▶ **Aim of the task**
Below are some records. Retype exactly the lines from the one containing "Toalha Bambini Branca Friso Azul" through the one containing "Gold Pin-Striped Baby Shower Invitation", both included, skipping every picture.

▶ **Entries supplied**
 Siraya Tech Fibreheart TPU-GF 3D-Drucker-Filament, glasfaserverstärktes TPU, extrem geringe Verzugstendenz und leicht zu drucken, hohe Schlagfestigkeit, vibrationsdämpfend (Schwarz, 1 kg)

--

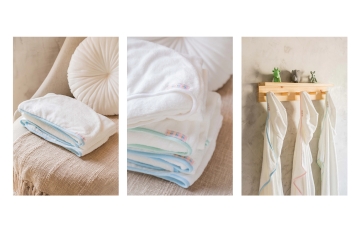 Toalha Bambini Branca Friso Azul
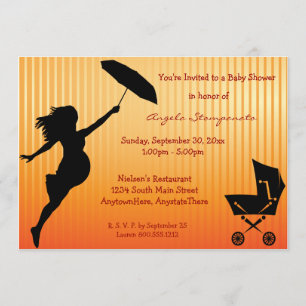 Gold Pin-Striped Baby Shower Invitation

▶ **Answer to this task**
 Toalha Bambini Branca Friso Azul
 Gold Pin-Striped Baby Shower Invitation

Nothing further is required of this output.